Select * from primary key; select * from primary key; select * from primary key; select * from primary key; IO count: a maximum of six times

Extension: This requery of row data based on the primary key ID is called a table-back query. So we know why auxiliary is called, auxiliary is to find the eldest brother (primary key), and then according to the primary key to find the final data you want. No head snatching. And of course there’s an optimization for this, which WE’ll talk about later.

Speaking of here can point to the question again, the reason for such points above. Innodb’s primary key index can fetch rows directly, while non-primary key indexes need to return to the table, which increases Io times. This explains why primary key indexes are the fastest.

Joint index

Join index (s) : join index (s) : join index (s) : join index (s) : join index (s)

IO count: a maximum of six times.

Extension point: leftmost matching principle. How do you sort a joint index? Based on the number of joint indexes you have, like ABC, sort by A first, Again in a equal conditions, according to the b sort, under the condition of a and b are equal, according to c, when you set up joint index (a, b, c), at the same time, equivalent to set up (a) (a, b) (a, b, c), three indexes, so when the where the back of the conditions to make a joint effect index, conditions must be according to the order, namely, there must be a, You have b, you have C, and if one of the indexes is missing, all the other conditions are invalid. Why doesn’t a b or C work? You see, my sorting is to start from a, only to ensure the order of A can check B, only to see the order of B is chaotic, then you directly give me a plug WHERE I should go? Only full table scan ah. So the index is dead. Select * from table where a=xx and b=xx or select * from table where b=xx and A =xx, that’s fine,mysql isn’t stupid enough to recognize it, and the query optimizer will adjust it for you.

Above, the basic content of the index is introduced, and the index has a close relationship with the following content.

The index of the myisam

Innodb and myiSam were mentioned when talking about primary key indexes. The index difference is that myIsam can be understood as only a secondary index, because its leaf node does not hold data, but only Pointers to data. Look at the picture:IO count :4. There is a difference between innoDB’s secondary index and this one!It gets the pointer and goes straight to disk to get the corresponding data, no return tableBut still one more IO. So the efficiency of the query will be relatively low. (But they are both B+ trees, and some people get confused and think myiSam is not a B+ tree without data, depending on whether your leaf node only holds Pointers).

Its other indexes will not be drawn, because either primary key index or secondary index. The query path is the same as this one, which is to find the address and then look again.
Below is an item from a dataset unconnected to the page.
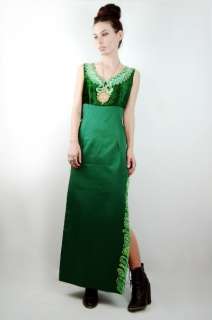 Vtg 60s Emerald VELVET Silk Embroidered GODDESS Fitted EVENING Maxi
Just because MyISam doesn’t support primary key indexes doesn’t mean it can’t set primary key indexes! Myisam also has a primary key index, but it is mainly used to indicate that the field is unique. As mentioned earlier, it does not really have a clustered index, because it is unique except the query path and structure is basically the same, do not say that it has no primary key.

The storage engine

MyIsam and InnoDB are two database engines provided by mysql and specified when building tables. They have different file structures and can be used in different scenarios, so let’s take a look at the differences

innodb myisam
Storage file distinction Storage file distinction
Support transactions Transactions not supported
Support foreign keys Foreign keys are not supported
Do not save the exact number of rows of the table (select count requires full table scan) Holds the number of rows for the entire table
Full text indexing not supported (supported after version 5.8) support
Table and row (default) level locking is supported Only the table lock

In this installment we will focus only on the storage file differences, which relate to their index differences as we mentioned above.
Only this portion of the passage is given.